We had a toddler in our house for only two days, but those were some nice days, let me tell you. She was a breath of fresh air and totally made me forget that poor children go hungry and doggies get hit by cars. Her upper arm? Sweet Jesus. Just try to give it a squeeze while maintaining coherent thought. I challenge you.

When Mindy and John weren't within earshot, I offered Alise a deal: Stay here. Stay here and we will let you play in the office with which you are so fascinated. It's yours! You can go out on the patio whenever you want, as long as you wear some kind of safety harness, and we'll dance to Vampire Weekend every day until you get sick of it.

"Oatmeal every morning?"

"Yes!

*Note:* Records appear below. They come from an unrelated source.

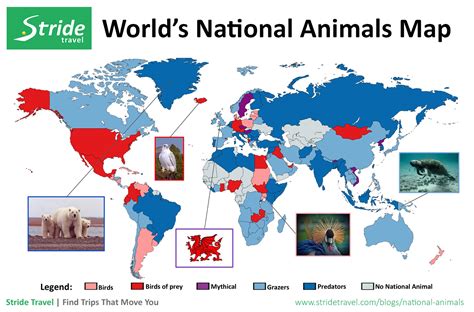 National Animals Of The World Interactive Infographic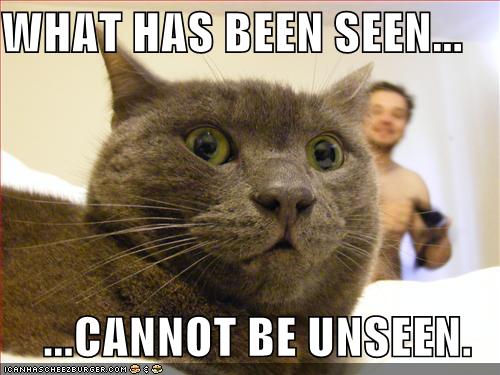 funny-pictures-scared-cat-naked-guy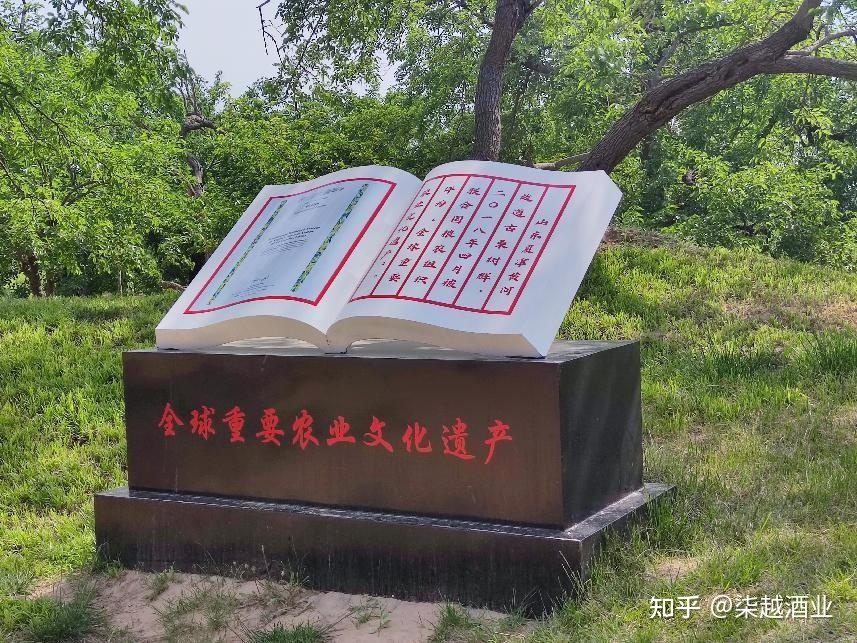 植树节｜你知道世界上树龄最长的桑树在哪儿吗？171 / 作者:信森好帝 / 帖子ID:115184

Yes, and those cheesy goldfish crackers too. For lunch."

"I prefer the Dole fruit bars. And I get to climb on the coffee table whenever I want?"

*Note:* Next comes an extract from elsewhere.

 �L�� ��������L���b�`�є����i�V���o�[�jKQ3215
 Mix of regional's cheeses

"Of course! We'll put rubber bumpers on the corners."

"Don't insult me."

"Sorry, it's just... your muscle tone and coordination. They're still developing. But whatever, no bumpers. Do we have a deal?"

She thought for a moment. "Look, it sounds nice -- and I totally appreciate the coffee table thing -- but I'm afraid it's just not possible."

I sighed. "Nana?"

"Yep," she nodded. "You're nice, but you're no Nana."

So Alise, Mindy and John returned to their home and their Nana and GrandBob. And I sit here with nothing but memories and her leftover YoBaby (vanilla and banana) to comfort me as I wonder what else I could have done to sweeten the deal.

Sigh. I guess we'll always have D.C.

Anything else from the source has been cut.